Hydrology and Water Resources

Water as an Integrated System and Environment (WISE) Research Group

Water is a complex integrated system that touches every corner of our society and environment. Together with projected climate change, continuous land-cover change challenges many parts of the world as they work to sustain their water resources. Smart land and water management practices could potentially reduce the risk of future water vulnerability while enhancing water ecosystem services. With an integrated framework, the WISE research group seeks to answer the following questions:


Figure source: Chang (2017)

  1. How much water will we have and will we need in the future with projected climate change and population growth?

  2. What are the effects of changes in land cover and water management on runoff and water quality across scales?

  3. What are the biophysical and sociodemographic determinants of water demand at different scales?

  4. What is the role of water infrastructure to make the water system more resilient to internal and external stresses?

  5. How do the water system and the human system co-evolve?

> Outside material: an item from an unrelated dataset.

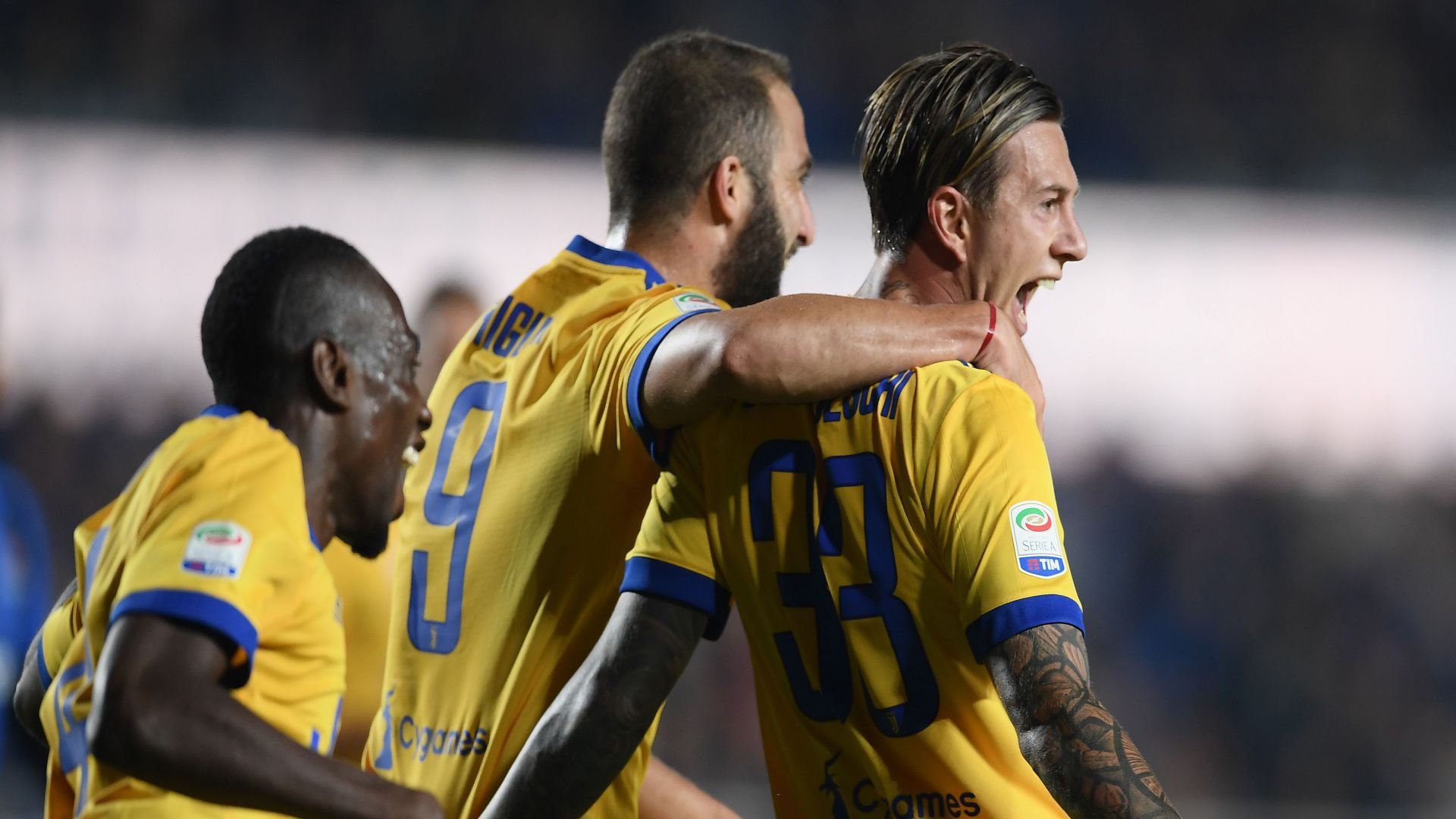 Gonzalo Higuain Federico Bernardeschi Atalanta Juventus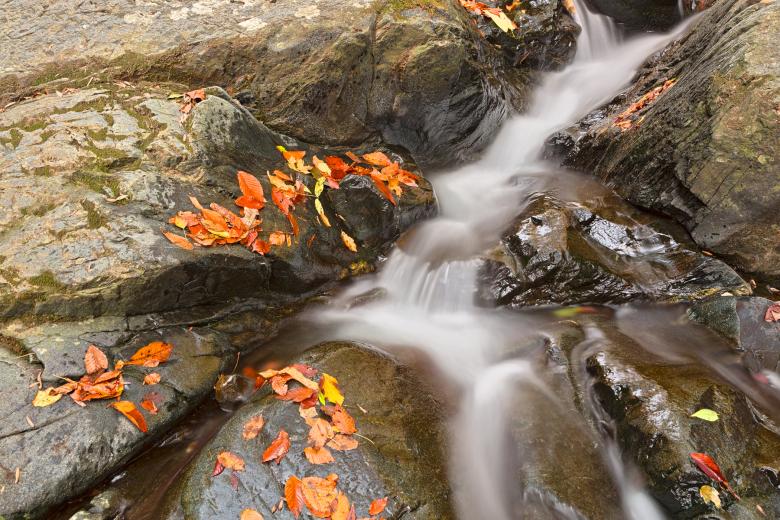 Free stock image of Glen Artney Stream - HDR created by Nicolas Raymond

Our research group has been examining these topics in both urban and rural settings in different parts of the world. In the Pacific Northwest, in collaboration with many local, regional and federal agencies (e.g., US Geological Survey, Metro, City of Portland, Portland Water Bureau, Tualatin River Valley Water District, Clackamas River Water Providers, City of Hillsboro, City of Gresham, Clean Water Services, and Watershed Councils), we have been examining such topics as water quality and land-cover change (Tualatin, Johnson, and Salmon Creeks), the effects of climate change on watershed hydrology and vulnerable infrastructure (Portland metro area), economic impacts of climate change on freshwater resources (Willamette River basin), water resource vulnerability (Columbia River basin), interactions among climate variability, hydrologic ecosystem services in a changing climate (Sandy River, Northern Willamette Valley), land use and residential water consumption (Portland metro and western US cities), climate change and water demand modeling (Portland and Phoenix), urban stream restoration and water quality (Johnson, Tualatin, Burnt Bridge creeks), the effects of urban storm water runoff on water quality (Fanno, Balch, Johnson creeks), spatial and temporal variations of microplastic concentrations (Johnson Creek and Clackamas River basin), post fire impacts on water quantity and quality (western US with a focus on the Cascades basins), and climate change and flood risk (Vernonia, Lower Willamette River). In Korea, in collaboration with Sejong University and Meteorological Research Institute of Korea, and Kangwon National University, we have examined vulnerability of flood risks as they relate to climate and land-cover changes (Gangwon Province, Gyonggi Province, South Korea), the interactions of water quality, water use, climate, and population changes (Seoul and Han River basin).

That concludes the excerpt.